Posted by: dsduffy | February 17, 2012

Oh, I get it now.


Ever since I became a mom, I have been aware of the age-old debate of Stay-at-home-moms vs. Working moms. I get it, we all want to think that we are doing is the right thing. We all want to justify why we have chosen to either stay home with the kids or work (for a paying job we all know that being a mom is a JOB.) I have learned over the years that there is no correct answer, it’s just whatever is right for the individual, and it can change over time.  I never thought about being a working mom, I knew it was out there in my future, but I never really thought about the logistics.

I’m lucky that I was able to stay home for the past seven and a half years, being with my boys and doing all the stay at home mom activities, I am so happy that I did it. But I sometimes would daydream about the other option, while flipping through a Parenting magazine or even Vogue, at those women in gorgeous suits, heels and red lipstick. I had no reason to own a suit or shoes that cost that much. I couldn’t justify buying a laptop bag, where was I going anyway? And the red lipstick? I could get away with it on a night out, but not at the playground.

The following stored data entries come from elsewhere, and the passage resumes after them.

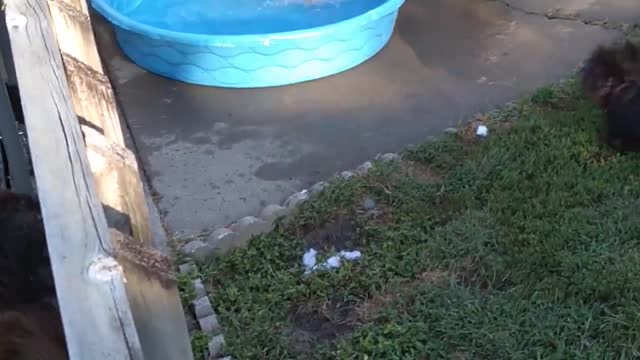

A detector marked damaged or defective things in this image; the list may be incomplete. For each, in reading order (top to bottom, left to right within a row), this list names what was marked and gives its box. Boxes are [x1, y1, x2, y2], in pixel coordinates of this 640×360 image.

crack in concrete [490, 0, 636, 33]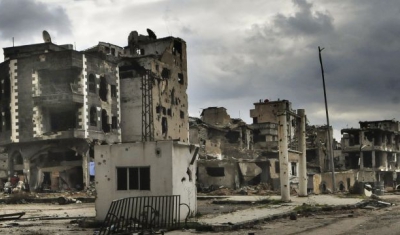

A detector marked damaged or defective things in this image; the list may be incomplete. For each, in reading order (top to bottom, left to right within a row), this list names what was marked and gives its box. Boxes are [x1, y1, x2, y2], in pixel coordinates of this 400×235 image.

damaged apartment building [0, 36, 120, 191]
damaged apartment building [195, 99, 308, 196]
damaged apartment building [340, 120, 400, 192]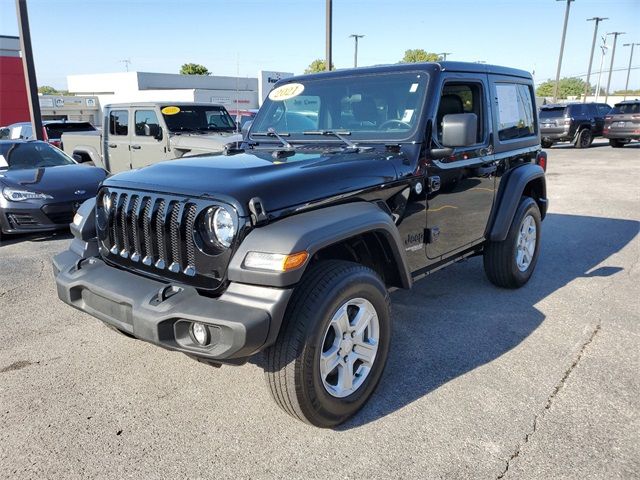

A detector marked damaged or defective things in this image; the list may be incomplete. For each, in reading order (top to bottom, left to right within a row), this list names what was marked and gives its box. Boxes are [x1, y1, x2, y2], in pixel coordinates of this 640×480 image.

cracked pavement [0, 140, 636, 480]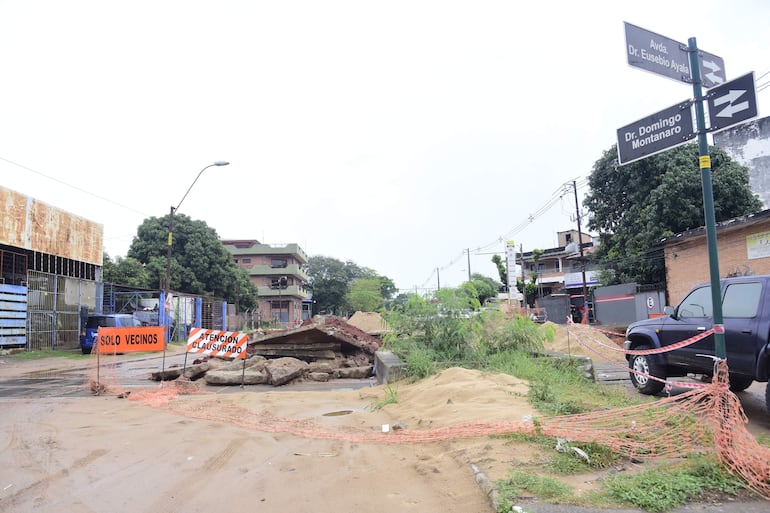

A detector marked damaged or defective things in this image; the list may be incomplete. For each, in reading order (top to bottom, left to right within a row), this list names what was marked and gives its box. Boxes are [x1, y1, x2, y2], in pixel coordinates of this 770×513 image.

rusted wall [0, 185, 103, 264]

Here I am, a week into being a “working mom” and it isn’t all it’s cracked up to be. Yes it will be nice to earn some extra money, and feel like I am contributing to society in some way. But the juggle? The hustling like a mad woman to get to the tram on time to pick up the boys from school? It’s not so glamorous after all. I was almost at a full-on run yesterday in my black wedges, sweating and trying to stop my work bag from hitting my side with every stride. I left the office two minutes past three and missed the tram that I need to make it to the school by 3:30. I know I was only a few minutes late, but I felt terrible about it. I had spent the last thirty minutes busting my ass to get to my kids and I was late.

As I sat on the tram with the fact that I wouldn’t make it in time, I realised that this would be the same thing three days a week -I’d be the crazy woman running for the tram, running down the footpath towards the school gates, trying to make it before the bell.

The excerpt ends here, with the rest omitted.